§ Your objective: Scan the data and please report how many lines include the word "command". Leave out everything but the number.

──────────

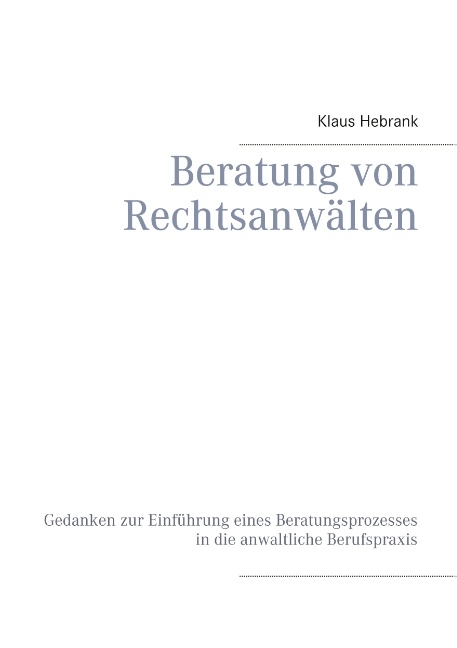 Beratung von Rechtsanwälten - Klaus Hebrank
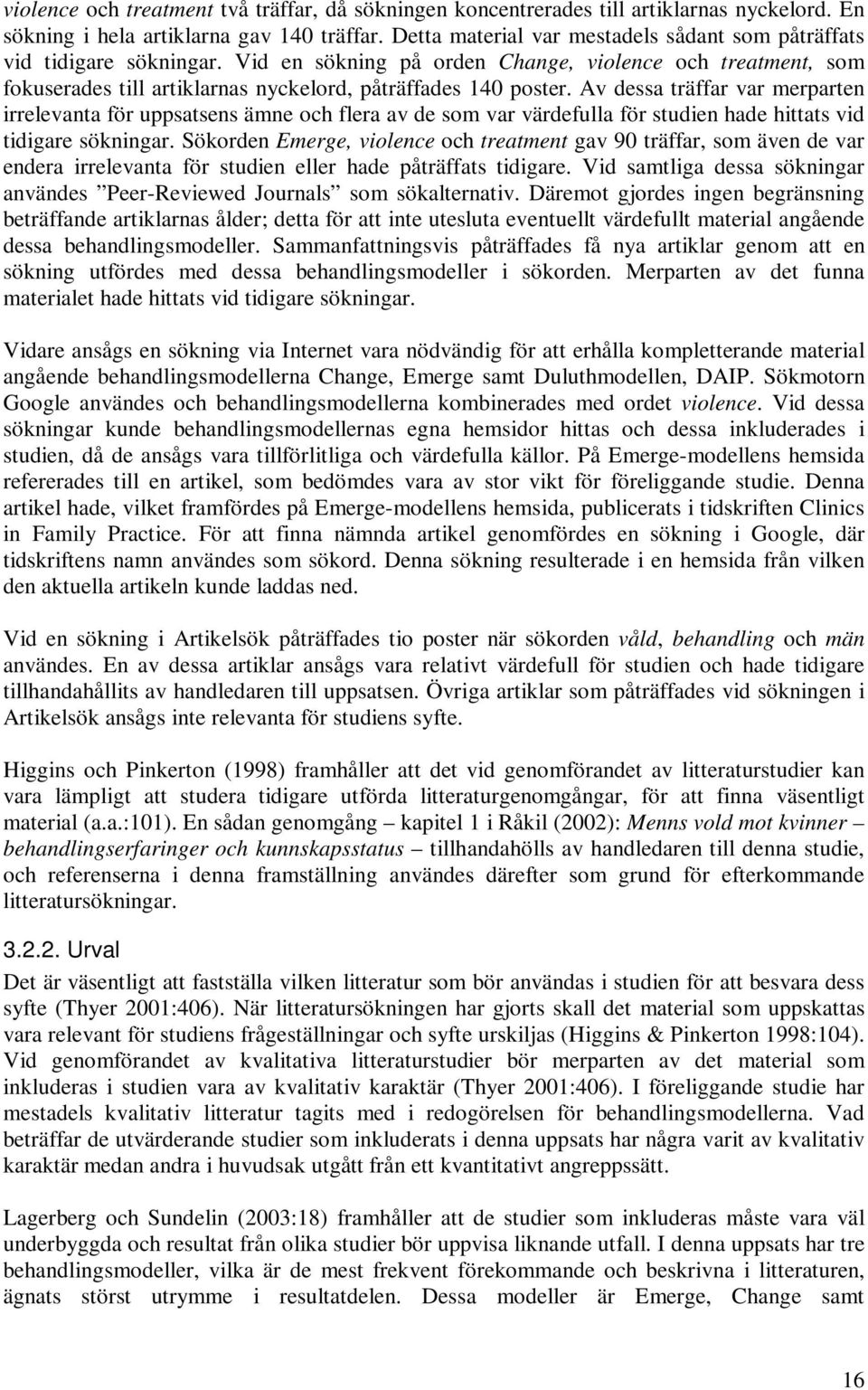 Av dessa träffar var merparten irrelevanta för uppsatsens ämne och flera av de som var värdefulla för studien hade hittats vid tidigare sökningar.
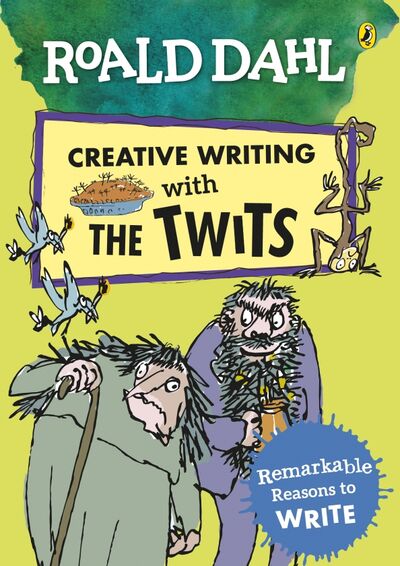 Книга: Roald Dahl Creative Writing with The Twits. Remarkable Reasons to Write (Dahl Roald) ; Puffin, 2020 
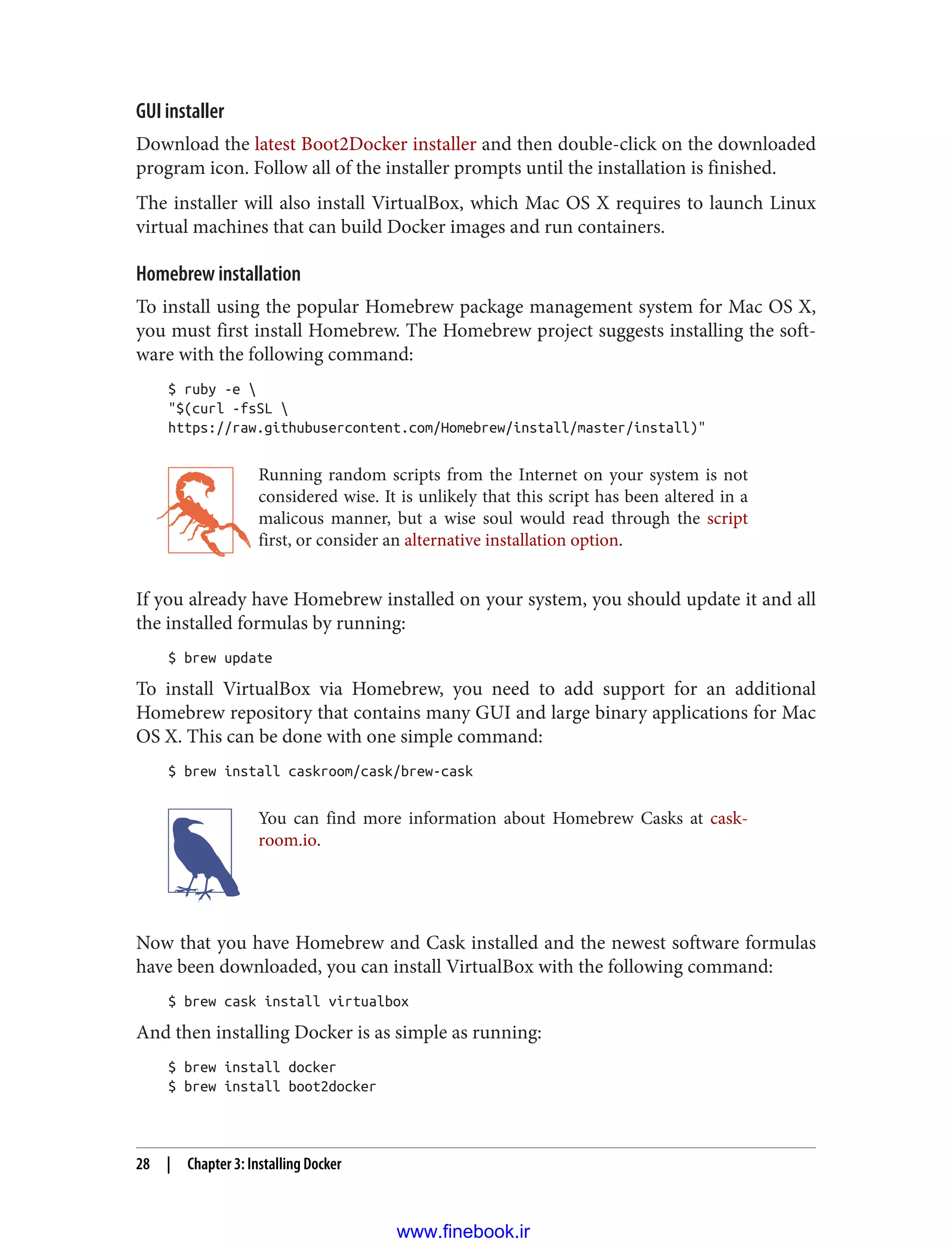 GUI installer
Download the latest Boot2Docker installer and then double-click on the downloaded
program icon. Follow all of the installer prompts until the installation is finished.
The installer will also install VirtualBox, which Mac OS X requires to launch Linux
virtual machines that can build Docker images and run containers.
Homebrew installation
To install using the popular Homebrew package management system for Mac OS X,
you must first install Homebrew. The Homebrew project suggests installing the soft‐
ware with the following command:
$ ruby -e 
"$(curl -fsSL 
https://raw.githubusercontent.com/Homebrew/install/master/install)"
Running random scripts from the Internet on your system is not
considered wise. It is unlikely that this script has been altered in a
malicous manner, but a wise soul would read through the script
first, or consider an alternative installation option.
If you already have Homebrew installed on your system, you should update it and all
the installed formulas by running:
$ brew update
To install VirtualBox via Homebrew, you need to add support for an additional
Homebrew repository that contains many GUI and large binary applications for Mac
OS X. This can be done with one simple command:
$ brew install caskroom/cask/brew-cask
You can find more information about Homebrew Casks at cask‐
room.io.
Now that you have Homebrew and Cask installed and the newest software formulas
have been downloaded, you can install VirtualBox with the following command:
$ brew cask install virtualbox
And then installing Docker is as simple as running:
$ brew install docker
$ brew install boot2docker
28 | Chapter 3: Installing Docker
www.finebook.ir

──────────

§ Output: 3